┌─ EXCERPTED RECORDS

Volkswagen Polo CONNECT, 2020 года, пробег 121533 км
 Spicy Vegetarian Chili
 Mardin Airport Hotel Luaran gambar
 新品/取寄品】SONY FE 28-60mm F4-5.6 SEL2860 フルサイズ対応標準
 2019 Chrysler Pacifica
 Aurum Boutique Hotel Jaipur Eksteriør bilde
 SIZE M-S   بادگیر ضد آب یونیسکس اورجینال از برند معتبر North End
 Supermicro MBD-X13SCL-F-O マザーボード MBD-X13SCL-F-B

└─

The lines from the first of the entries through the line holding "Aurum Boutique Hotel Jaipur Eksteriør bilde" are to be restated word for word, and no others.

Volkswagen Polo CONNECT, 2020 года, пробег 121533 км
 Spicy Vegetarian Chili
 Mardin Airport Hotel Luaran gambar
 新品/取寄品】SONY FE 28-60mm F4-5.6 SEL2860 フルサイズ対応標準
 2019 Chrysler Pacifica
 Aurum Boutique Hotel Jaipur Eksteriør bilde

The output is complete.